As you can see, the Cisco NOW van was a great success, delivering network access to camp sites across the UK on each of the 9 days of the RAB.

Surprisingly today, with widespread wireless access in many of the shops, airports, and other locations we visit, we in Cisco from time to time are quizzed by customers on the viability of wireless access for heavyweight business use.  Judging by the Cisco NOW Van on the RAB, if we can set-up a wireless network each day in a range of remote camp sites, I think it’s safe to say we can set-up wireless just about anywhere!

So back to my opening comment to conclude … did I get to Facetime back to my family?  Well … long story here …. on the days that I did the RAB, and of course they were the toughest days of the entire RAB! 🙂  (well at least my first day was officially the toughest day ever to date on the RAB series) … I was too busy getting ready for the next stage (and to be honest too tired!) to make time to Facetime back home!   I’ll write more on the actual cycle in my next blog.
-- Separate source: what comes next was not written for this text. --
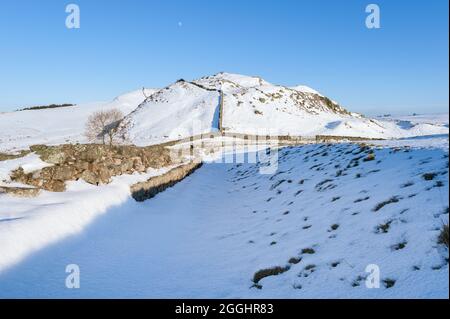 Nordengland, die Landschaft des Northumberland-Nationalparks, die Hadrian's Wall im Winterschnee an einem hellen, sonnigen Tag mit klarem blauem Himmel Stockfoto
In an effort to keep conversations fresh, Cisco Blogs closes comments after 60 days. Please visit the Cisco Blogs hub page for the latest content.


  1. Yes, it will be shared. So we will being including QoS in the configuration.


  2. Thanks a lot Stephen! Just what I needed.
    We will be deplyoing an EX90 to one of our offshore rigs. We have a 3Mb/s upgrade coming from Caprock.
    So I expect performance should be ok.


    • Good to hear Rick. Is the Caprock link shared with other network resources? If so – and I know you will know this – we’d advise you to ensure QoS is setup to protect that video traffic.

  3. Thanks for sharing. I would be interested in hearing what the bandwidth was for the sat link from Caprock.
    Also, how the EX90 performed with the high delay over the link.


    • Hi Rick
      Great question. The satellite link was a 3Mb symmetrical link and we tended to keep the endpoints limited to a 1Mb call to keep costs more reasonable for our partner, Harris Caprock, who were paying for the satellite costs – thanks guys at Harris Caprock! The exception was when we did the launch TelePresence with Tim Reddish. Candidly, in advance of the launch at the first camp site – – with 700+ participants and 100 or so event support staff looking on – we were a little worried on that one! For the launch (and the picture for this is in the blog), we went up to 1.5Mb on the link. Additionally, as a precaution, we had shut down all the wireless access whilst running the session. It did work very well, we were very pleased, and our worries were unfounded.

      Mark Ley on our technical team supporting the NOV Van did call back home on the EX90 just about every evening and he tells me that he didn’t have any perceivable issue with the lag (~ 560ms RTT to the ground station in Aberdeen). He did experience a little pixelation every now and then, but only if waving arms around!

      Just goes to show that this Cisco TelePresence gear is pretty well designed if you ask me! I have been told in the past that the original design focused on mitigating such delay issues, so I guess this is a good proof-point.

      Hope this helps!

  4. Really epitomizes a communication network on wheels. Thanks for sharing!